Val Penny is an American author living in SW Scotland. She has two adult daughters of whom she is justly proud and lives with her husband and two cats. She has a Law degree from Edinburgh University and her MSc from Napier University. She has had many jobs including hairdresser, waitress, lawyer, banker, azalea farmer and lecturer. However she has not yet achieved either of her childhood dreams of being a ballerina or owning a candy store. Until those dreams come true, she has turned her hand to writing poetry, short stories and novels. Her crime novels, ‘Hunter’s Chase’ Hunter’s Revenge and Hunter’s Force are set in Edinburgh, Scotland, published by Crooked Cat Books. The fourth book in the series, Hunter’s Blood, follows shortly.


1. How did you get started writing?

I have always enjoyed telling stories, reading and writing. However, I started writing my first novel when I was recovering from cancer.

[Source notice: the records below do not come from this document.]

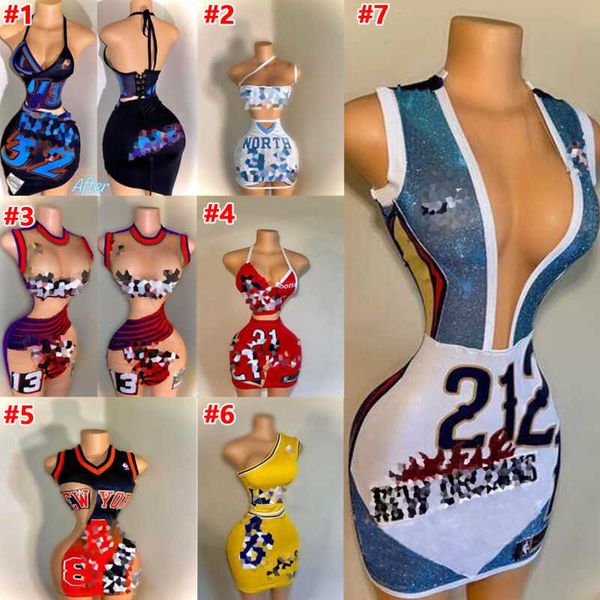 

summer designer women casual dresses two piece dress set print crop and skirt outfits basketball suit, Black;gray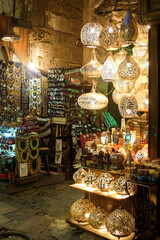Copper lanterns in Khan Khalili old bazaar - Cairo, Egypt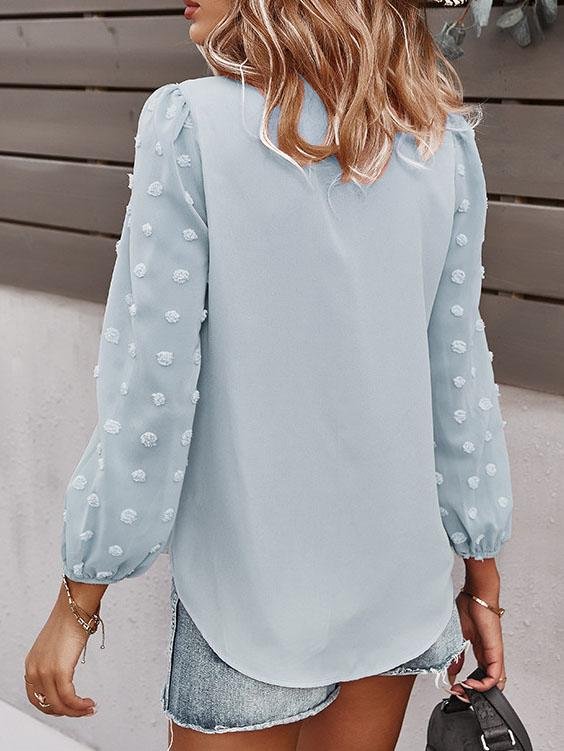 Long-sleeved Casual V Neck Solid Blouse - LuckyFash™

I found chemotherapy and radiotherapy debilitating and could not undertake many of the activities I enjoy. I could not travel, as I had to stay close to the hospital treating me. I could not swim due to risk of infection at the pool and I could not go for walks because the fatigue I suffered was extreme. What was left? Watching day-time television, which gets old very fast or reading. I have always read voraciously, and luckily, I was still able to do that. As I became a little better, I started my blog to review the books I read.


2. What drew you to write a novel

Happily my recovery continued. I was still too poorly to do much but felt good enough to get bored. It was then that Handsome Hubby said in exasperation, “If you know so much about what makes a good book, Why don’t you write one!” Thus Hunter’s Chase was born.

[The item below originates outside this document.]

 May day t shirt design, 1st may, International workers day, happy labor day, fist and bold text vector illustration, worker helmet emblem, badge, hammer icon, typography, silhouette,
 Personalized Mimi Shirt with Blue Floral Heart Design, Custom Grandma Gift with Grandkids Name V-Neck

3. Which writers past or present have influenced your style of writing?

I write police procedurals and chose to write that genre because it is the type of story I most enjoy reading. Authors writing this type of novel include Ian Rankin, Val McDermott and Mark Billingham. I do think it is important for writers to read widely within and outwith their own genre. I believe everything you read improves style, vocabulary and pace. I have been very lucky to have had support from gifted and successful mentors within the writing industry including Peter Robinson who writes the DCI Banks series; Erin Kelly who write psychological thrillers and Michael Jecks who writes the historical Templar series.


4. When you first started writing did you find it hard to get publisher interest?

I knew very little about the publishing industry before I completed my first novel. The one thing I did know was that there was no point sending my manuscript of a crime novel to publishers or agents who were closed to submissions or only interested in romances, sci-fi or historical novels. So I checked out independent publishers who would accept a manuscript direct from the author, open to submissions and interested in my genre. I also made sure that I followed the guidelines they required. This maximised my chances of the publisher expressing interest.


5. There are many interesting characters in your Novel, do you have a particular favourite one?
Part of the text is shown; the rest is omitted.